The report outlines incidents such as a prisoner freezing to death after being left to sleep without pants on a cold, concrete floor; a prisoner was forced to stand in a “stress position” on broken bones; the wife of a prisoner was threatened with sexual assault by the CIA interrogators; amongst other brutal techniques.

The findings are clear. Sen. Dianne Feinstein writes in the report that the Committee’s finding reveal that "CIA detainees were tortured." "I also believe that the conditions of confinement and the use of authorized and unauthorized interrogation and conditioning techniques were cruel, inhuman, and degrading. I believe the evidence of this is overwhelming and incontrovertible," she writes.

The important takeaway is that the report notes that these techniques -- considered equivalent to torture -- were not necessary to “save lives” or deliver information that was not being solicited by other means. The CIA has thus far maintained that “enhanced interrogation techniques” are needed for exactly the above purposes.
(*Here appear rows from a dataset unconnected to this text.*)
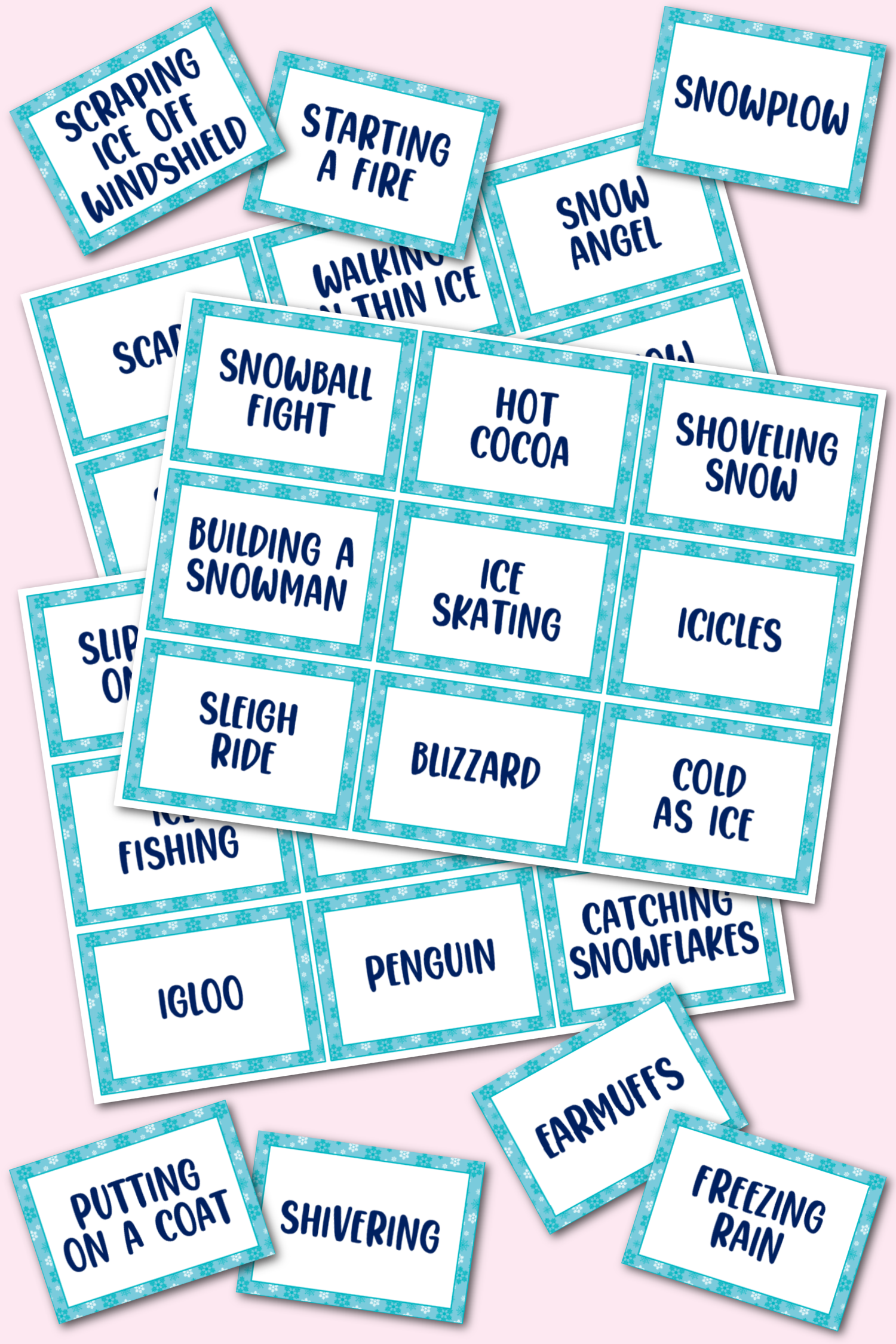 Pictionary Words Printable Cards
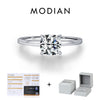 MODIAN 1CT Moissanite Ring Delicate Square Cushion Cut Lab Diamond Ring 925 Sterling Silver Wedding Statement Jewelry For Women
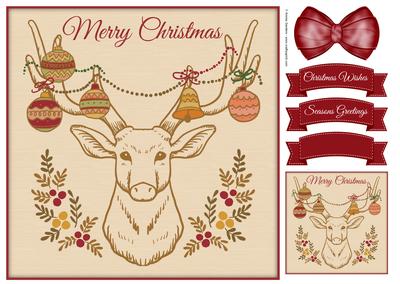 Merry Christmas , Christmes Stag 8x8 Topper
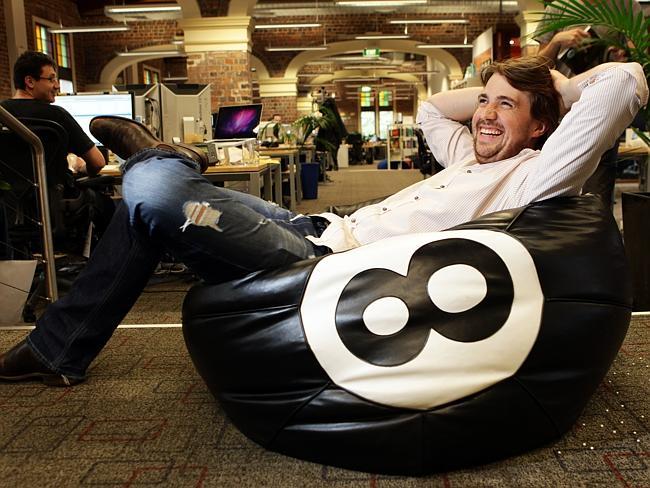 Life is good for Atlassian-co founder Mike Cannon-Brookes, pictured at his office in Sydney.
"The use of the CIA's enhanced interrogation techniques was not an effective means of obtaining accurate information," the report concluded. It debunked the top 20 examples the CIA has used to defend the enhanced interrogation program, noting that each of the examples "was found to be wrong in fundamental respects."

In fact, the report goes a step further and says that false confessions obtained by brutal techniques led to dead leads. In short, the enhanced interrogation techniques adopted by the CIA either led to false information or to information that had already been obtained through alternative techniques.

A glimpse into the brutality of the techniques is evident through a few examples in the report.

Techniques used by the CIA "involved keeping detainees awake for up to 180 hours, usually standing or in stress positions, at times with their hands shackled above their heads." Other techniques included "rectal rehydration," "ice water 'baths,'" and threatening detainees with threats to harm detainees' families, including threats to "sexually abuse the mother of a detainee," according to the summary of the report.

The report notes that at times, detainees were kept in pitch-black freezing rooms "with loud noise or music and only a bucket to use for human waste." One such detainee "who had been held partially nude and chained to a concrete floor" died in Nov. 2002 from suspected hypothermia.


At least five prisoners were subject to "rectal rehydration" or "rectal feeding."


The report notes that an officer played “Russian Roulette” with a detainee


The waterboarding technique led to a prisoner nearly drowning.


A prisoner was tortured for months based on the false accusations of another prisoner.


The techniques had deep psychological and physical consequences.


One prisoner, as a result of sleep deprivation, began hallucinating "dogs mauling and killing his sons."

Several prisoners developed sleep psychosis, leading to hallucinations, paranoia and attempts to self-mutilate.


The damning report notes that the CIA misled the White House, Congress, and other agencies. President George W Bush was not briefed on "the specific CIA enhanced interrogation techniques before April 2006," by which time, 38 of the 39 detainees on whom the techniques were used had already been in custody and interrogated. The CIA’s lack of records means that the number of detainees who faced these interrogation procedures could have been more.

Further, the report alleges that the CIA "provided extensive amounts of inaccurate and incomplete information" to the White House and security agencies. It states that the CIA wrongly stated that the “enhanced interrogation techniques were uniquely effective and necessary to produce otherwise unavailable intelligence that the U.S. government could not obtain from other sources.”